Born to Jewish parents in Prussia, he studied in Berlin and Paris before fighting in the First World War. He continued to pursue his artistic studies and also became a trainer of military police dogs. In 1920, he was appointed professor of painting and etching at the Berlin Academy where he remained until the 1930s when he moved to the UK under the growing Nazi threat.
Influenced by artists such as Adolf von Menzel, Wolfsfeld is widely held to be a leading figure in German Naturalism.
His works are relatively little known today, but with this show, which includes paintings drawings and etchings ranging in price from £650-12,000, the gallery plans to change that fact.
It has reason to be optimistic. One of its long-running projects is boosting the profile of German artist Lotte Laserstein, who studied under Wolsfeld. The British market for her figurative work was launched in a one-woman exhibition the gallery held in 1987. These and similar works now appear regularly at fairs, exhibitions and on the open market.
Browse & Darby
Browse & Darby, the London specialist in British and French pictures, is closing the doors to the Cork Street Gallery on July 19 as it prepares to move.
The firm is relocating to 34 Bury Street, St James’s, and opens in the autumn with the exhibition Anthony Eyton: A Retrospective, celebrating the artist’s centenary.
PAD London, which runs from October 10-15, has announced a line-up of 62 galleries including 12 newcomers.
The fair coincides with Frieze Week, taking place in Mayfair’s Berkeley Square.
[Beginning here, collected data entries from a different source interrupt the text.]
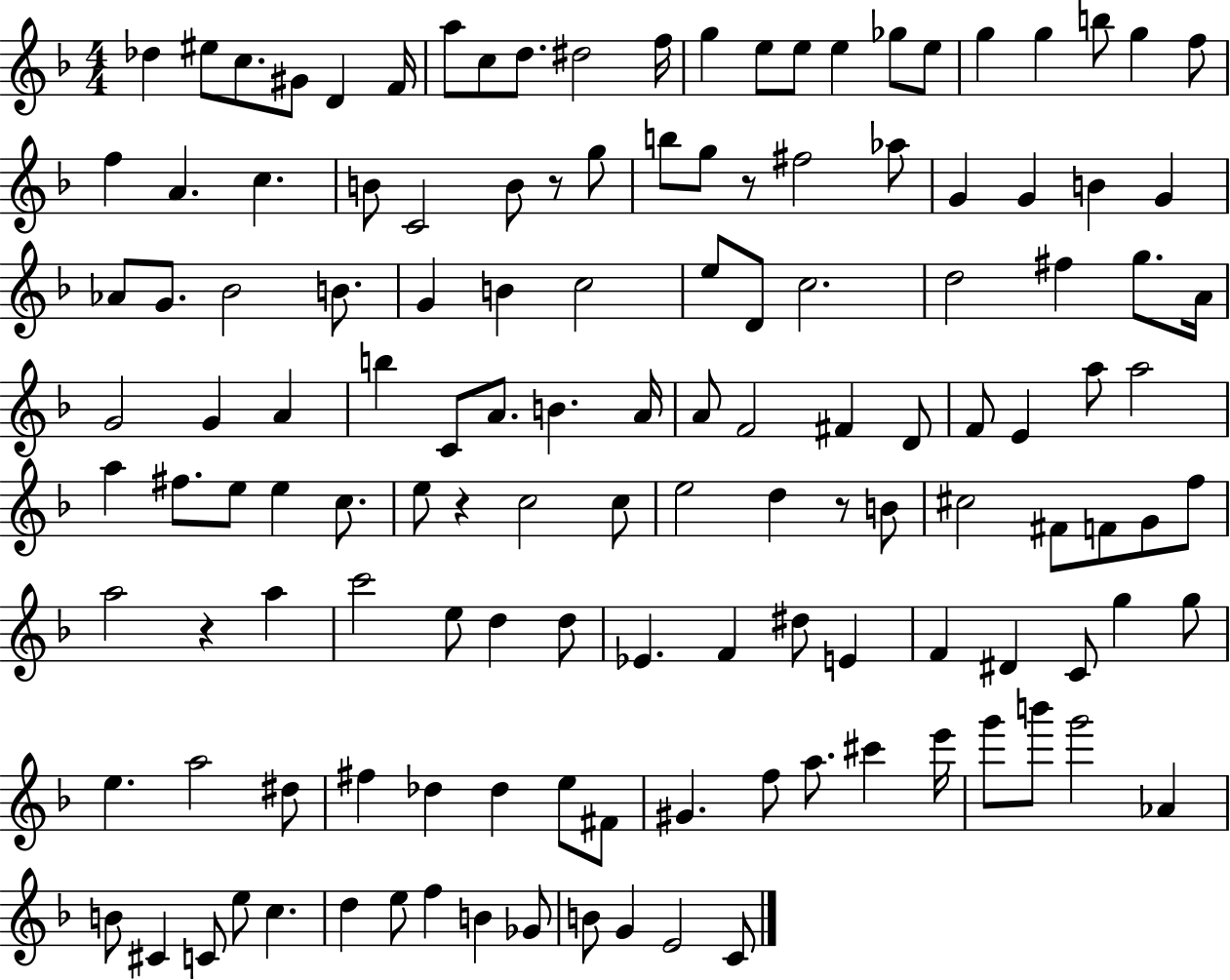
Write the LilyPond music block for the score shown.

{
  \clef treble
  \numericTimeSignature
  \time 4/4
  \key f \major
  des''4 eis''8 c''8. gis'8 d'4 f'16 | a''8 c''8 d''8. dis''2 f''16 | g''4 e''8 e''8 e''4 ges''8 e''8 | g''4 g''4 b''8 g''4 f''8 | \break f''4 a'4. c''4. | b'8 c'2 b'8 r8 g''8 | b''8 g''8 r8 fis''2 aes''8 | g'4 g'4 b'4 g'4 | \break aes'8 g'8. bes'2 b'8. | g'4 b'4 c''2 | e''8 d'8 c''2. | d''2 fis''4 g''8. a'16 | \break g'2 g'4 a'4 | b''4 c'8 a'8. b'4. a'16 | a'8 f'2 fis'4 d'8 | f'8 e'4 a''8 a''2 | \break a''4 fis''8. e''8 e''4 c''8. | e''8 r4 c''2 c''8 | e''2 d''4 r8 b'8 | cis''2 fis'8 f'8 g'8 f''8 | \break a''2 r4 a''4 | c'''2 e''8 d''4 d''8 | ees'4. f'4 dis''8 e'4 | f'4 dis'4 c'8 g''4 g''8 | \break e''4. a''2 dis''8 | fis''4 des''4 des''4 e''8 fis'8 | gis'4. f''8 a''8. cis'''4 e'''16 | g'''8 b'''8 g'''2 aes'4 | \break b'8 cis'4 c'8 e''8 c''4. | d''4 e''8 f''4 b'4 ges'8 | b'8 g'4 e'2 c'8 | \bar "|."
} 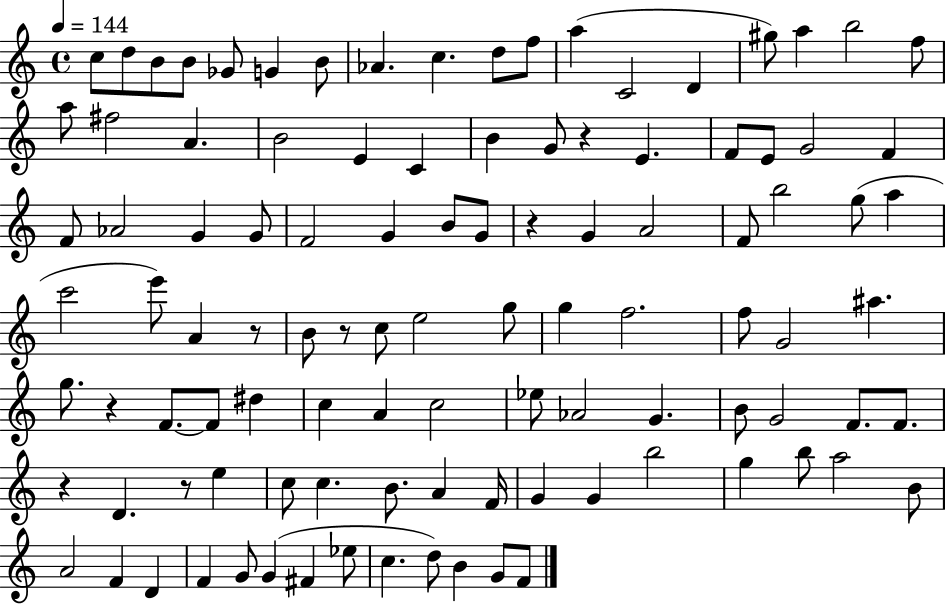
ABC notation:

X:1
T:Untitled
M:4/4
L:1/4
K:C
c/2 d/2 B/2 B/2 _G/2 G B/2 _A c d/2 f/2 a C2 D ^g/2 a b2 f/2 a/2 ^f2 A B2 E C B G/2 z E F/2 E/2 G2 F F/2 _A2 G G/2 F2 G B/2 G/2 z G A2 F/2 b2 g/2 a c'2 e'/2 A z/2 B/2 z/2 c/2 e2 g/2 g f2 f/2 G2 ^a g/2 z F/2 F/2 ^d c A c2 _e/2 _A2 G B/2 G2 F/2 F/2 z D z/2 e c/2 c B/2 A F/4 G G b2 g b/2 a2 B/2 A2 F D F G/2 G ^F _e/2 c d/2 B G/2 F/2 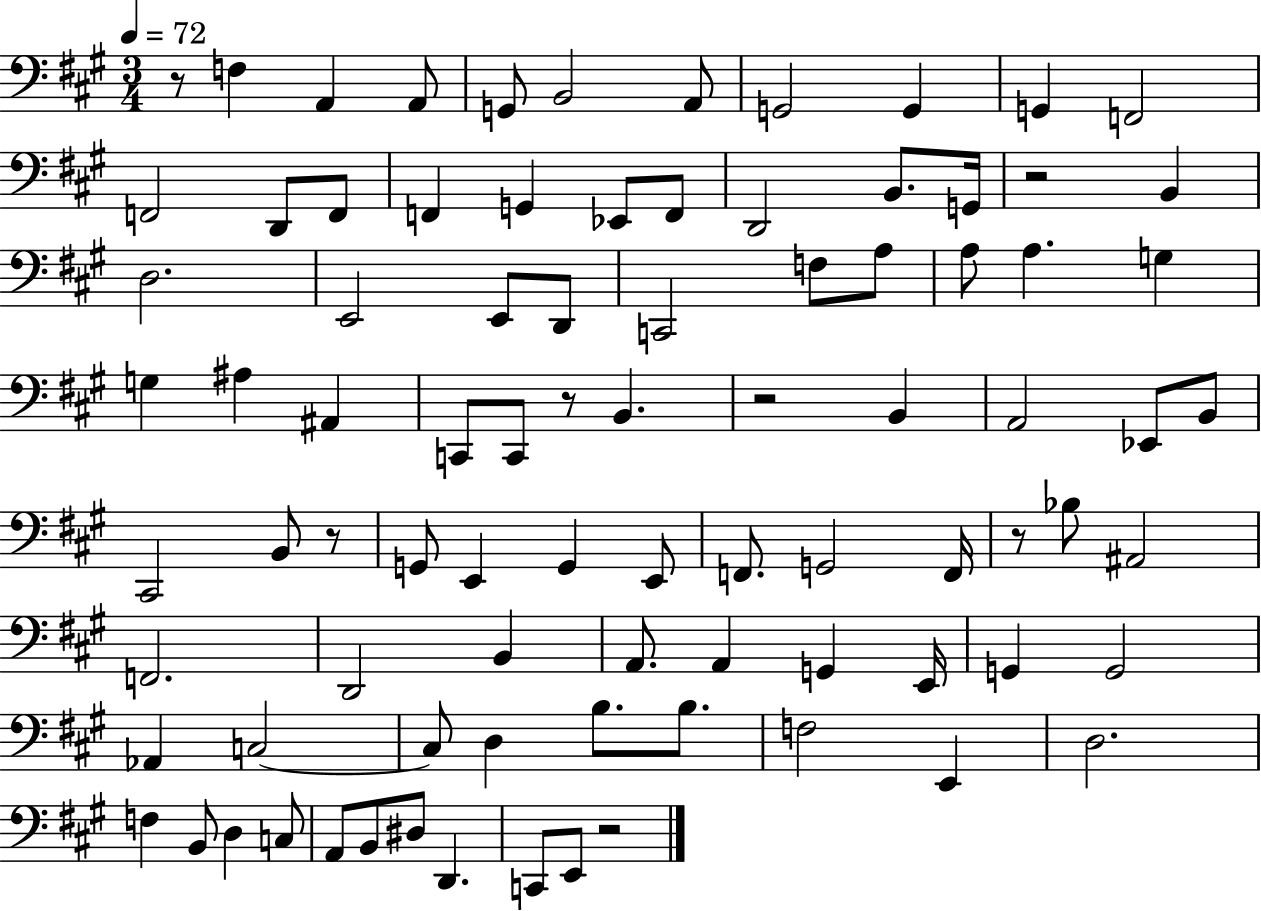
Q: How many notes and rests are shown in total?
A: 87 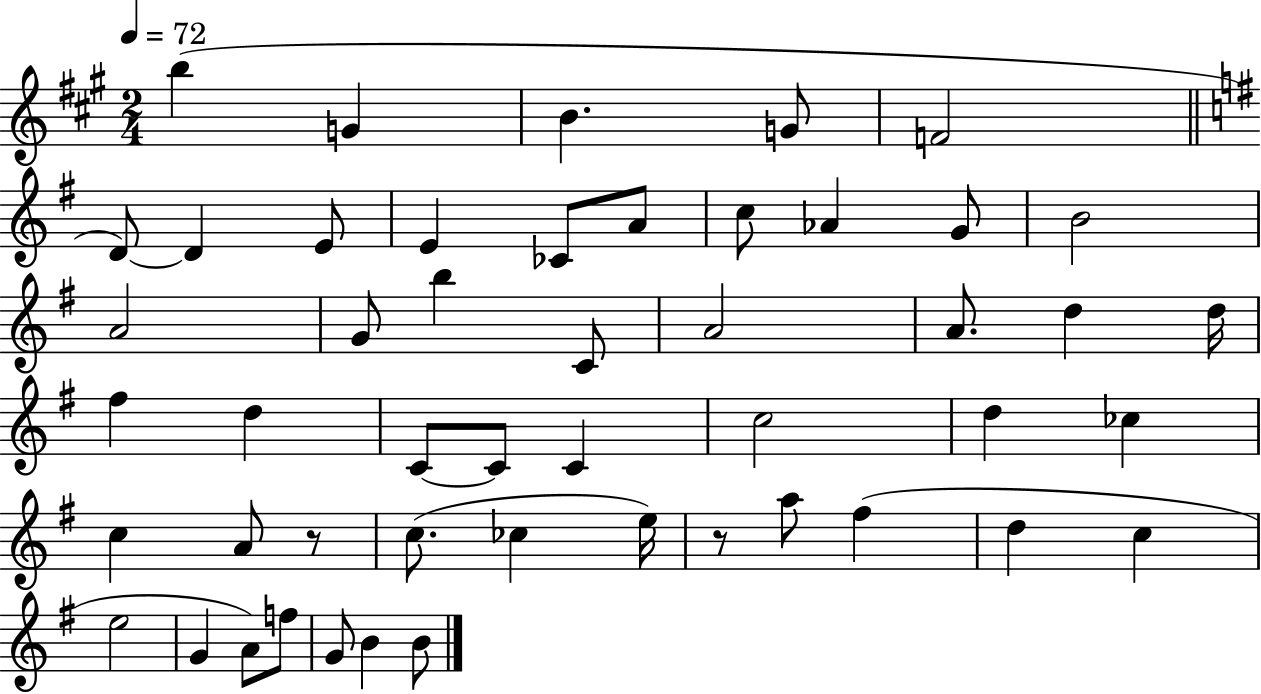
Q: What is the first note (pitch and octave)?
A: B5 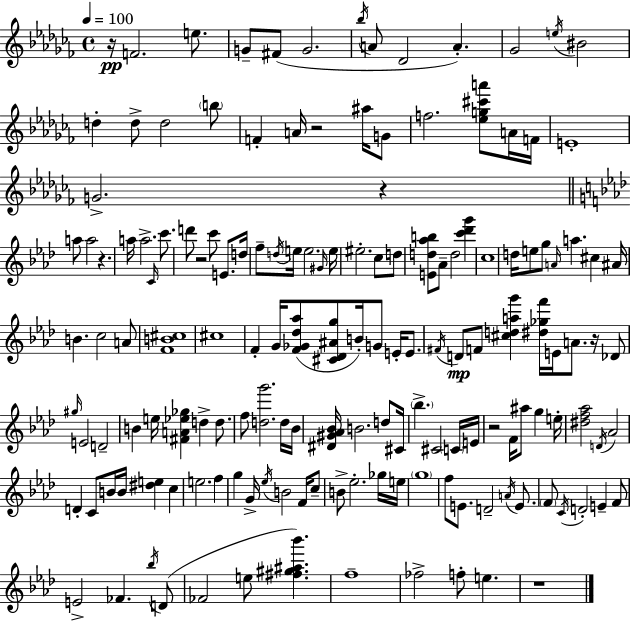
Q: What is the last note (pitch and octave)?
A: E5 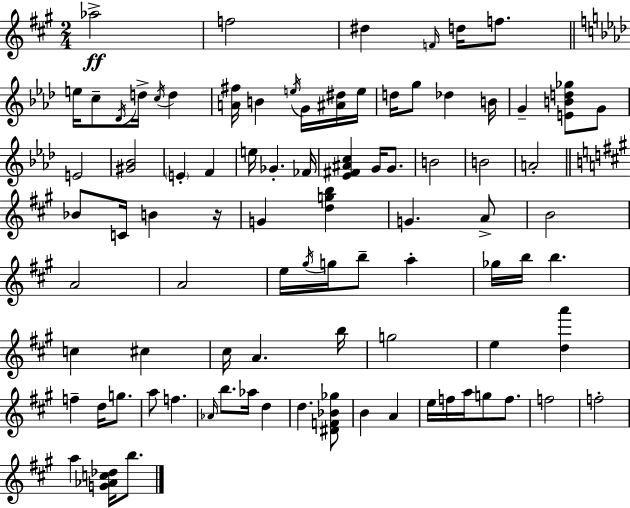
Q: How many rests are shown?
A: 1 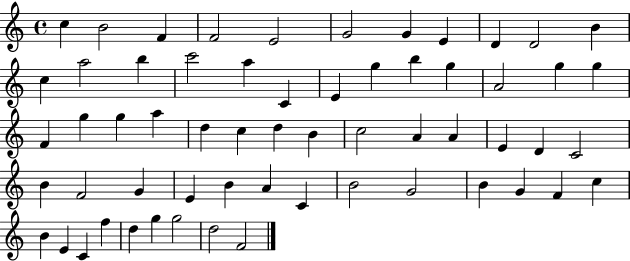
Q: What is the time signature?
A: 4/4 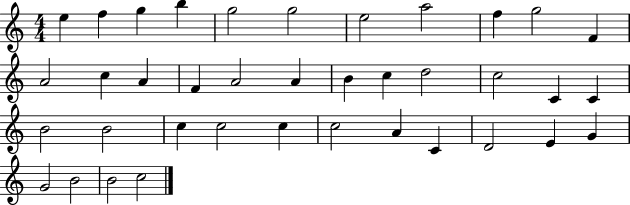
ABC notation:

X:1
T:Untitled
M:4/4
L:1/4
K:C
e f g b g2 g2 e2 a2 f g2 F A2 c A F A2 A B c d2 c2 C C B2 B2 c c2 c c2 A C D2 E G G2 B2 B2 c2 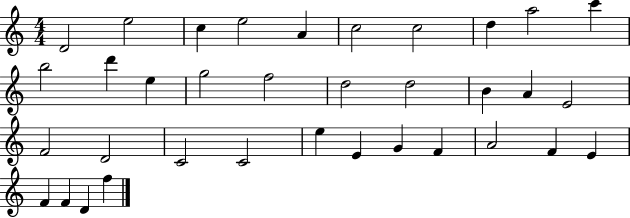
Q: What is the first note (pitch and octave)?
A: D4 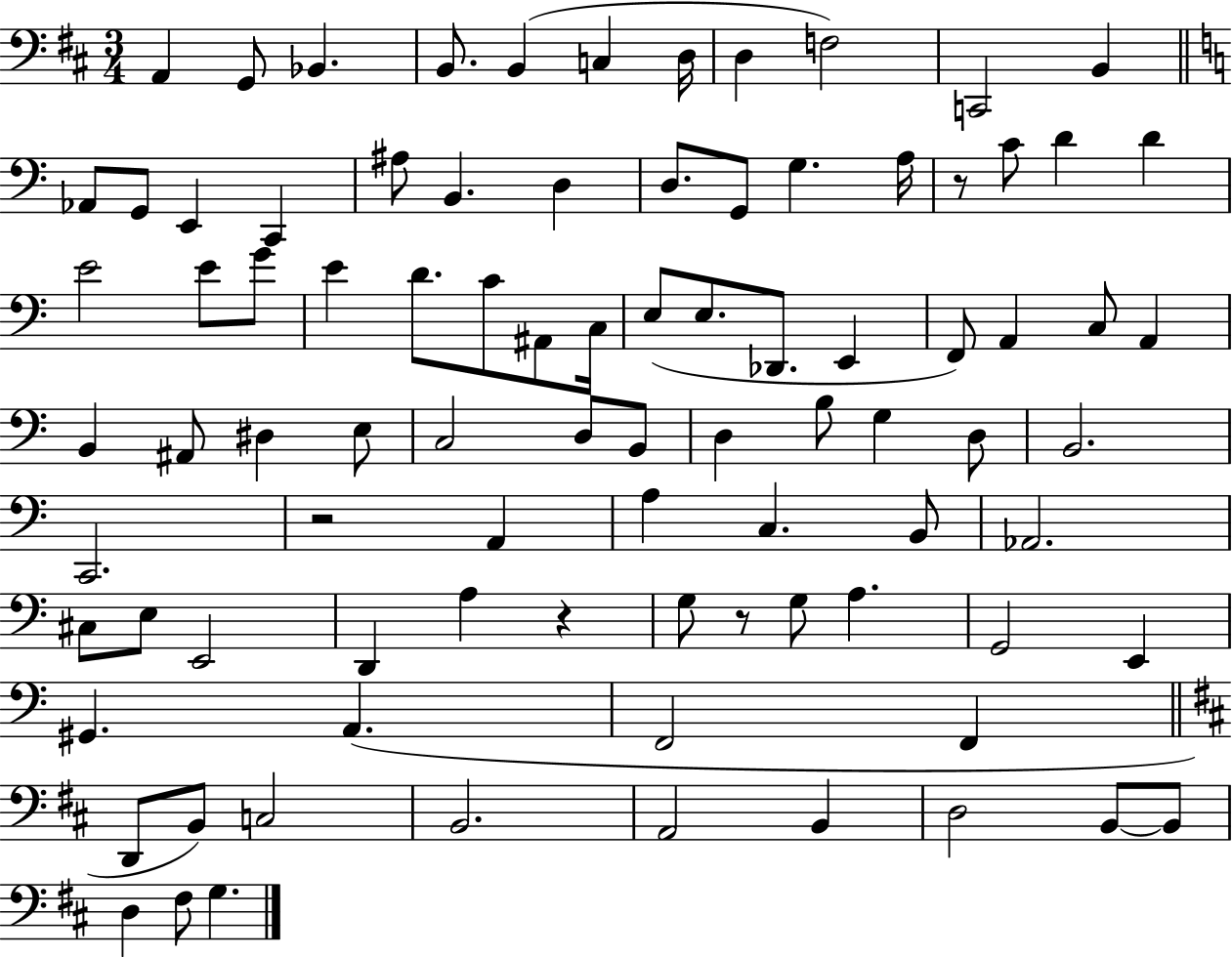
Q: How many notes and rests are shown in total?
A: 89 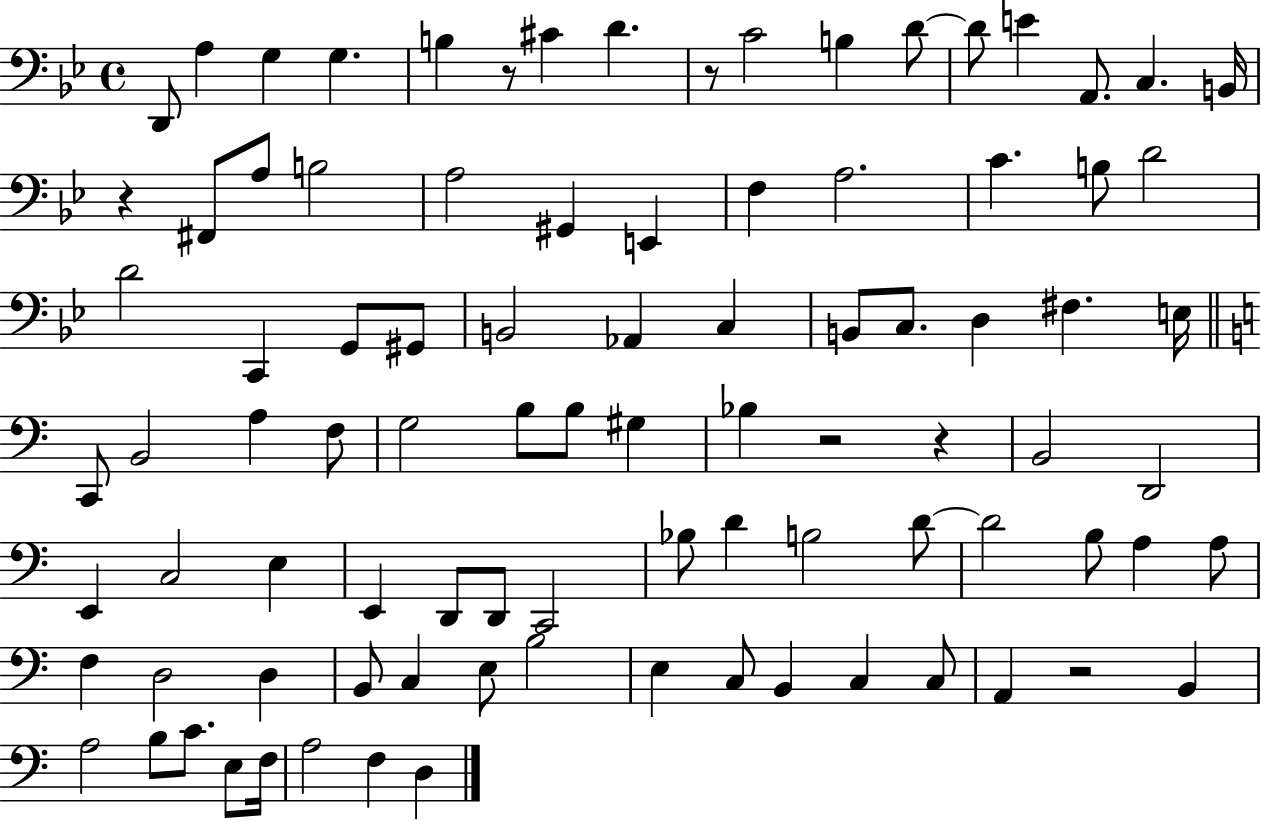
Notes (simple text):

D2/e A3/q G3/q G3/q. B3/q R/e C#4/q D4/q. R/e C4/h B3/q D4/e D4/e E4/q A2/e. C3/q. B2/s R/q F#2/e A3/e B3/h A3/h G#2/q E2/q F3/q A3/h. C4/q. B3/e D4/h D4/h C2/q G2/e G#2/e B2/h Ab2/q C3/q B2/e C3/e. D3/q F#3/q. E3/s C2/e B2/h A3/q F3/e G3/h B3/e B3/e G#3/q Bb3/q R/h R/q B2/h D2/h E2/q C3/h E3/q E2/q D2/e D2/e C2/h Bb3/e D4/q B3/h D4/e D4/h B3/e A3/q A3/e F3/q D3/h D3/q B2/e C3/q E3/e B3/h E3/q C3/e B2/q C3/q C3/e A2/q R/h B2/q A3/h B3/e C4/e. E3/e F3/s A3/h F3/q D3/q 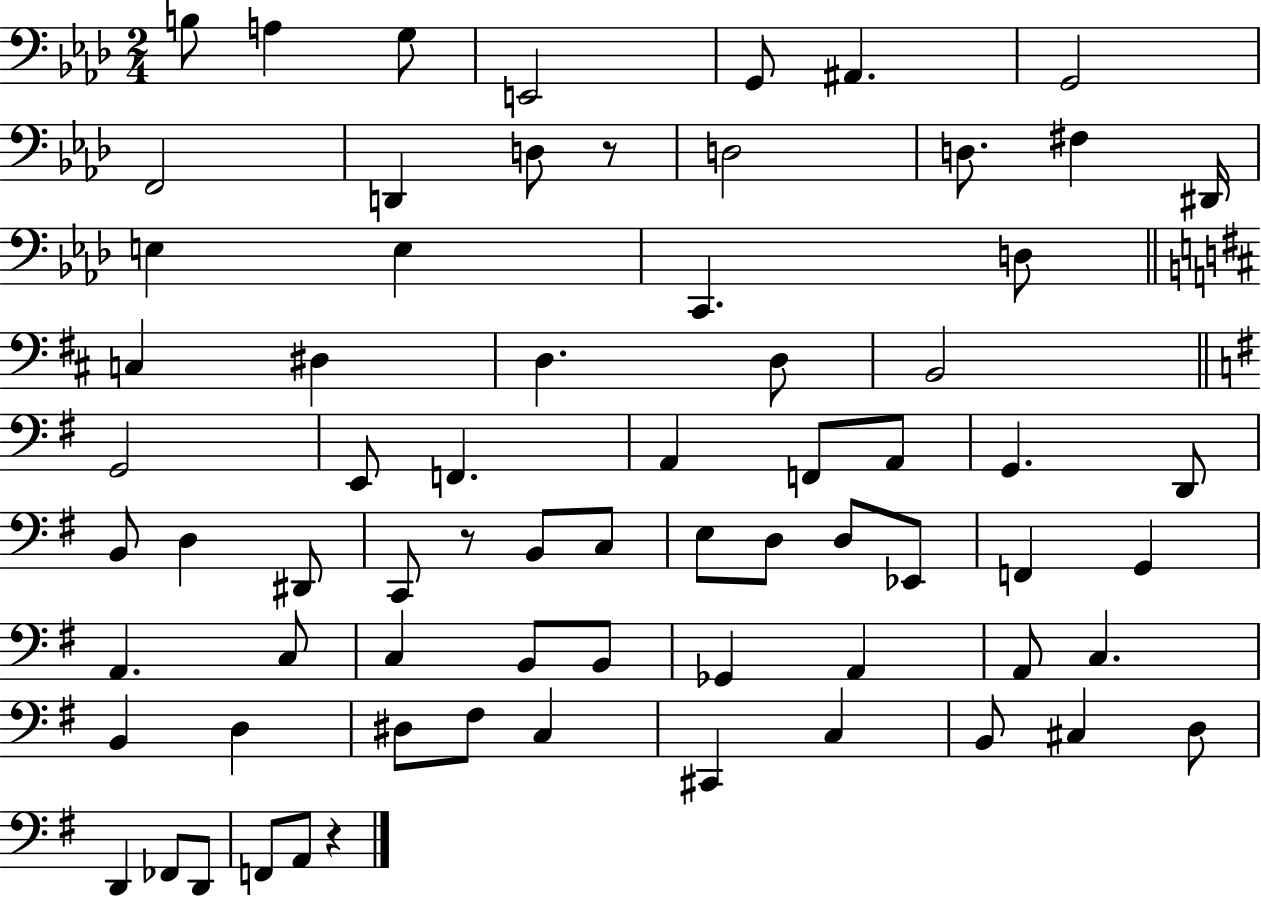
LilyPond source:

First-timers include Objects with Narratives of Switzerland and Belgium, Gallery LVS of South Korea, and Melchiorri Studio Gallery of the UK and Italy. Those returning include Modernity, Rose Uniacke, Elisabetta Cipriani and Marcelpoil.
London Gallery Weekend
With 123 galleries participating across the city, London Gallery Weekend drew 50,000 visits during its latest run, June 2-4.
The event is mainly Contemporary, featuring firms such as Alison Jacques, Josh Lilley, Page Gallery and Richard Saltoun Gallery, and including an extensive programme of performance art.
It also hosted 22 regional curators from across the UK (including The Hepworth Wakefield and Aberdeen Archives) thanks to a partnership with Art Fund. The curator bursaries scheme was increased this year to extend overseas and four travelled from European institution such as Wiels of Belgium and Museo d’Arte Moderna di Bologna.
Jeremy Epstein, founder and director, and co-director Sarah Rustin said in a statement: “To have succeeded in drawing more visitors this year and such positive feedback on the buzz and excitement around the expanded London Gallery Weekend offering is exactly what we’d hoped for.”